Loving beangulp

325 views
Skip to first unread message

Felipe Flores

unread,
May 20, 2024, 7:17:41 AMMay 20
to Beancount
Hey all, came here to express some gratitude for all the work you guys are doing. I've been using beancount with fava to manage all my finances down to the dollar for the last year or so, and I absolutely love it.

Just wanted to add that I just migrated a bunch of importers to beangulp, and it was way easier than I expected. Wonderful job there. The whole reason I tried it out is that I spent a couple hours pulling my hair trying to connect a debugger to my regression tests to no avail. With beangulp, however, I just had to tell the debugger config to launch the file with args (one of identify, generate, test, etc) and it worked just like that! I'd even suggest you guys advertise this as a feature!

If anyone stumbles upon this thread wondering whether they should move over to beangulp: do it. It's an easy migration, and they've even added an ImporterProtocol class that will make the transition even smoother.

Thanks again!

James Cook

unread,
May 20, 2024, 11:48:31 AMMay 20
to bean...@googlegroups.com
In case people haven't heard of it, I've been quite happy with
beancount-import:

https://github.com/jbms/beancount-import

I have not tried beangulp, so I don't know how they compare. But I
will mention beancount-import:

- Has a web interface letting me quickly categorize transactions
(i.e. choose which account my money went to).

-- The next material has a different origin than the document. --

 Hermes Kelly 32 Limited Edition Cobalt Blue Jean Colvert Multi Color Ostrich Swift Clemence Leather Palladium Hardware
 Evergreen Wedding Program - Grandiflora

- Chooses the right account automatically most the time (maybe 95%),
so mostly in this web interface I'm just pressing enter to confirm
each transaction. To do this, it trains a model based on transactions
already in my beancount ledger.

- Adds metadata to imported transactions to keep track of where they
came from (e.g. a transaction ID from an ofx file). This lets me
(a) not worry about whether or not I've imported something (e.g. when
I export from my bank, I just replace my existing ofx download with
a new one covering a longer time range) and (b) see a list of
postings I've entered manually that don't correspond to anything
imported (a sign something went wrong). This is my favourite
feature and I wonder if beangulp has something similar.

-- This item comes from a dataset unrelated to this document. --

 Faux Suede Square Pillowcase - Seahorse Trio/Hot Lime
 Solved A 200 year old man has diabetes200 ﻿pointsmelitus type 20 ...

- Also, I have been able to write my own custom importer including
unit tests without much difficulty.

--
James

Timothy Jesionowski

unread,
May 20, 2024, 2:59:55 PMMay 20
to bean...@googlegroups.com
So now I'm wondering, since I've got a handful of purely custom importers and a whole bunch of new importers to write next quarter, what does the preponderance of the community use and why? I've heard of Red's importers, beancount-import, and now beangulp. I know there's others. I haven't looked at any of them personally yet because I'll need to package them for my niche linux distro first (NixOS has some downsides).

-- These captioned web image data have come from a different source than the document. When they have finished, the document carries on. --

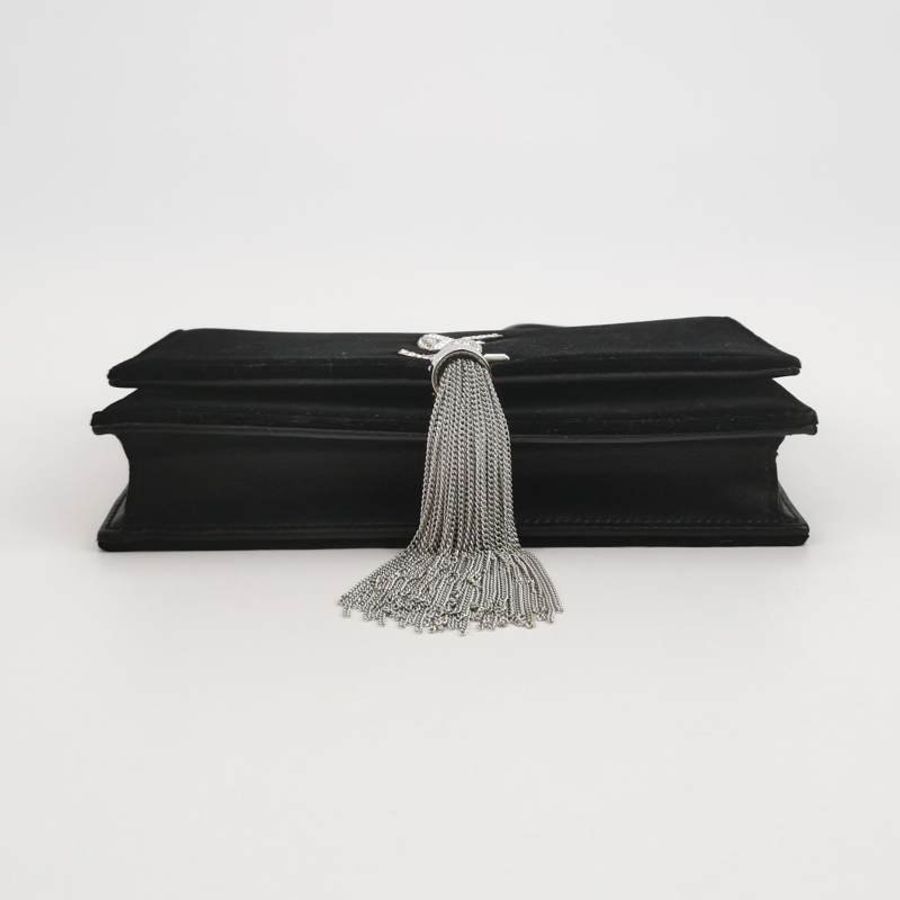 Saint Laurent Kate凱特包小號羊皮絨布鑽扣YSL標誌斜挎包單肩包-5
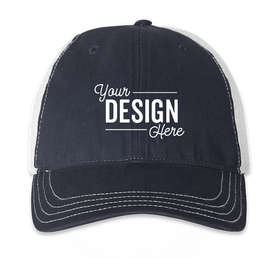 Richardson Garment Washed Trucker Hat - Color: Navy / White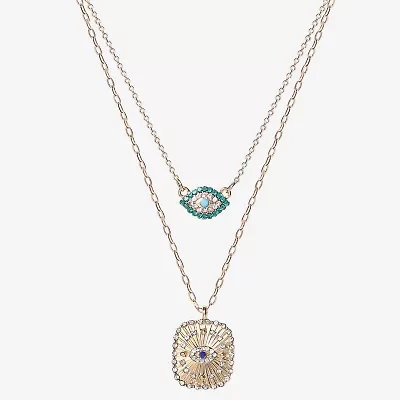 JS Jessica Simpson Gold Tone Womens Multi Color Glass 16 Inch Strand Necklace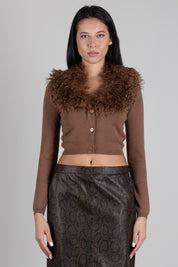 Twin-set Giacca Cropped In Maglia con Collo In Faux Fur 262TT3260 NUT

Just looking at the github repos:
  1. beangulp was written by the same guy that wrote beancount itself (Hi Martin!) so I would expect it to integrate very well.
  2. beancount-import has a web UI, which seems like a very useful tool for verifying all this automation (especially for expense categorization, which I'm skeptical can ever be particularly reliable)
  3. red's importers has the most active community by far, and seems to focus heavily on a "run the script every time you look at the reports" workflow
I don't have unit tests on my importers, and I'm importing from CSV's because I just got the simplest thing working. It's a KISS setup that's exactly as messy as it sounds. So given that I need to do an overhaul anyways, I'm curious why, for example, James doesn't use red's scripts.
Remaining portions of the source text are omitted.